More outside consultants are being called upon to comment on the fiduciary standards for how broker-dealers should handle their customers. As a result, a single standard of care is not likely to emerge until July or later.
This is according to Jennifer McHugh, special advisor to Securities and Exchange Commission (SEC) chair Mary Schapiro, who spoke from a videoconference panel appearance at the Investment Company Institute’s 2011 Mutual Funds and Investment Management Conference.
According to McHugh, a cross-agency team from all quarters of the SEC — including SEC general counsel, Office of Compliance Inspections and Examinations (OCIE), and the Division of Investment Management — is still working on the fiduciary rulemaking. The initial timeframe for the rule was set for sometime in April-July 2011, but that timeline is being pushed back as the team gets reaction from outside groups on the alternatives presented in the report “rather than moving straight to the rulemaking,” McHugh said.

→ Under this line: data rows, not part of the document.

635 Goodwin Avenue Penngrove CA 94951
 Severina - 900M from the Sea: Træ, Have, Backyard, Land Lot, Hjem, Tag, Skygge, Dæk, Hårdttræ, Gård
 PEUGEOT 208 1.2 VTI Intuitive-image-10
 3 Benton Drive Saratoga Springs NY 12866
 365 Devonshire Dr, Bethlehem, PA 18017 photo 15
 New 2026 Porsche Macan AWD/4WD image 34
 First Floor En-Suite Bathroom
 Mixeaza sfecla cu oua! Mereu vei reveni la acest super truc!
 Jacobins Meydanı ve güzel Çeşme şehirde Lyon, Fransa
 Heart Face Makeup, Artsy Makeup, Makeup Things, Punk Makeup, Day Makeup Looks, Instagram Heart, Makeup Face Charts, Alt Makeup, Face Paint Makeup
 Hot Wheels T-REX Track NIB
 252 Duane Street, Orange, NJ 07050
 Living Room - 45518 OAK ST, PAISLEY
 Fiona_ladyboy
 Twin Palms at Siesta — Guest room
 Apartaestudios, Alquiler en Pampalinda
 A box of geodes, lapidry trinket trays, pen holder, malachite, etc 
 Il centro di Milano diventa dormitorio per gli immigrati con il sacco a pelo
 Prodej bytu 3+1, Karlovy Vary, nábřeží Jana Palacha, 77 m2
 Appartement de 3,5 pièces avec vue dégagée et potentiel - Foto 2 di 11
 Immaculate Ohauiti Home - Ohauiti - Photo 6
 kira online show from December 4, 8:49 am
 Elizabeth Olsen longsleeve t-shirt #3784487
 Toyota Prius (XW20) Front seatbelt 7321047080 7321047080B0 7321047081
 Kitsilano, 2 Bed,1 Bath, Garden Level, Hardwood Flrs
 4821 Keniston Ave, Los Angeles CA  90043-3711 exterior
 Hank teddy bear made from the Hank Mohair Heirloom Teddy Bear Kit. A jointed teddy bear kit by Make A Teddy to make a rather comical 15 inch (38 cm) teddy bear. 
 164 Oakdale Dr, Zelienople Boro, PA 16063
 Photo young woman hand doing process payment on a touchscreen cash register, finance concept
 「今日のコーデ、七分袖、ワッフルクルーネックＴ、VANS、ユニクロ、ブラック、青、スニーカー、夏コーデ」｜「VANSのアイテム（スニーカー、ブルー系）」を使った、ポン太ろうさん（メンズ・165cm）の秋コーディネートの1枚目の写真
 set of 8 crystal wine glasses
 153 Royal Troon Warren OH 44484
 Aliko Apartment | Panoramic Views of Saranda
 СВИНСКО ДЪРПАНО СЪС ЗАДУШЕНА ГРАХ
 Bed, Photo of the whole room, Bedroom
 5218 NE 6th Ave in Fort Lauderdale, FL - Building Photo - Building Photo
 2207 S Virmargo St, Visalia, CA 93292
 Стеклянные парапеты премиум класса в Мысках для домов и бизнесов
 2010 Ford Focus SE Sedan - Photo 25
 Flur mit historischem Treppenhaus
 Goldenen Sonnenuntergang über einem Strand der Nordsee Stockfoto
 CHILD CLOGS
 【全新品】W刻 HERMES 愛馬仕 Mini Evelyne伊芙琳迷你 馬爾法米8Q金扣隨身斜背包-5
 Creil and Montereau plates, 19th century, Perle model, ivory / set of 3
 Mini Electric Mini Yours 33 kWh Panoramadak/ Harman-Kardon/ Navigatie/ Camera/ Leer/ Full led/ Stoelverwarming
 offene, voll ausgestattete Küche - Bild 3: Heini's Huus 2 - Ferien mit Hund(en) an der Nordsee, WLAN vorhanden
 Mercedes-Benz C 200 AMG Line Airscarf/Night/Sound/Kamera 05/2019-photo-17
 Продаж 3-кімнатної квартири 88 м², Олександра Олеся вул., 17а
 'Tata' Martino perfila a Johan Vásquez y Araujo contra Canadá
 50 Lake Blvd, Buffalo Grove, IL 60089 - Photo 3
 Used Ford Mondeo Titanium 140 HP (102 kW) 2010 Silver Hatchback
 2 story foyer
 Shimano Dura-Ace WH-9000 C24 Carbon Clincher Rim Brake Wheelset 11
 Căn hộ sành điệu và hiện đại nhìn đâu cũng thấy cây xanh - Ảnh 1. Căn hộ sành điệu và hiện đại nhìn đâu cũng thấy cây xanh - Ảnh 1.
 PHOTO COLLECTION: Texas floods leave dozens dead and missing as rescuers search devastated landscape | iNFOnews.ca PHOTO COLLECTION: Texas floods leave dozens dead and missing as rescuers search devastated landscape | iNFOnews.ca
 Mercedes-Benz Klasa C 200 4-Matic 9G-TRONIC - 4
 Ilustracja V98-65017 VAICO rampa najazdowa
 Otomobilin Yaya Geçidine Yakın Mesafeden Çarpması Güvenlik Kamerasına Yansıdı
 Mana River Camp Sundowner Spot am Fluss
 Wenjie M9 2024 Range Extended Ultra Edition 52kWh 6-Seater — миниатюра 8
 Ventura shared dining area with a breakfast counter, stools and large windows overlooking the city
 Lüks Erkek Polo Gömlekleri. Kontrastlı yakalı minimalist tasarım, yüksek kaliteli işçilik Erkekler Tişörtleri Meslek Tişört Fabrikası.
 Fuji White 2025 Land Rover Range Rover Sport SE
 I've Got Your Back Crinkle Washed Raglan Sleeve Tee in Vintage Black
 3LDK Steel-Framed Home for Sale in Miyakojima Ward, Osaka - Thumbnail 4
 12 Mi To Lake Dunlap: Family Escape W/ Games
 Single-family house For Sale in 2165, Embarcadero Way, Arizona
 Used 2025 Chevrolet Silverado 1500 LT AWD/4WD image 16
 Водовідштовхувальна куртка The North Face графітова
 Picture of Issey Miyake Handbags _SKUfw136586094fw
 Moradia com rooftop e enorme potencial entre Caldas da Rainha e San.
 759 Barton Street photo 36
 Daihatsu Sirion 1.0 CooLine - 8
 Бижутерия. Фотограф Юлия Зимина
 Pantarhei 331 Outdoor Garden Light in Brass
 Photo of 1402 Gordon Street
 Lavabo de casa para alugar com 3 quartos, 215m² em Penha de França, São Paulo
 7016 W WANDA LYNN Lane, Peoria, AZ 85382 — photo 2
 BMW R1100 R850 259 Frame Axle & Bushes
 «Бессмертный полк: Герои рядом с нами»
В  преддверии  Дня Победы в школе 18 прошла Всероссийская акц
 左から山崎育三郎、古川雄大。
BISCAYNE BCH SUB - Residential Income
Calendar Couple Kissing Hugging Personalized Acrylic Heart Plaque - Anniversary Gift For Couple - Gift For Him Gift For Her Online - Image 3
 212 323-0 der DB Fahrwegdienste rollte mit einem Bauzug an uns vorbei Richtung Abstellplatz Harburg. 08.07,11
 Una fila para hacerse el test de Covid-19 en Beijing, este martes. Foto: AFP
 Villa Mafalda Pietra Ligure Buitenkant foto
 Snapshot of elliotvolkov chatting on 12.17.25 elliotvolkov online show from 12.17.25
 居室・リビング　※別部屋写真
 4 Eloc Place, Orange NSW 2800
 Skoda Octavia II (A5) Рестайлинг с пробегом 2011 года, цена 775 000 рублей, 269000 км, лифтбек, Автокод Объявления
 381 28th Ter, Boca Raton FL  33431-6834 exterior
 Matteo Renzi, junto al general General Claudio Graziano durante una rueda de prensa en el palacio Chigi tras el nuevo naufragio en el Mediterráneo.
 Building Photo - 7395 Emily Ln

Additionally, Commissioners Troy A. Paredes and Kathleen L. Casey have identified a few areas for economic analysis that the team is looking into. The SEC received upwards of 3,500 comment letters on the issue, and many were from broker-dealers concerned about principal trading for broker-dealers if a fiduciary standard is extended to broker-dealers.
According to most broker-dealers who commented, the trade-by-trade disclosure and the disclosure of conflicts for each trade, as well as the trade-by-trade consent from the investor, which would be mandated by a fiduciary duty standard, would make principal transactions by broker-dealers impractical, McHugh said.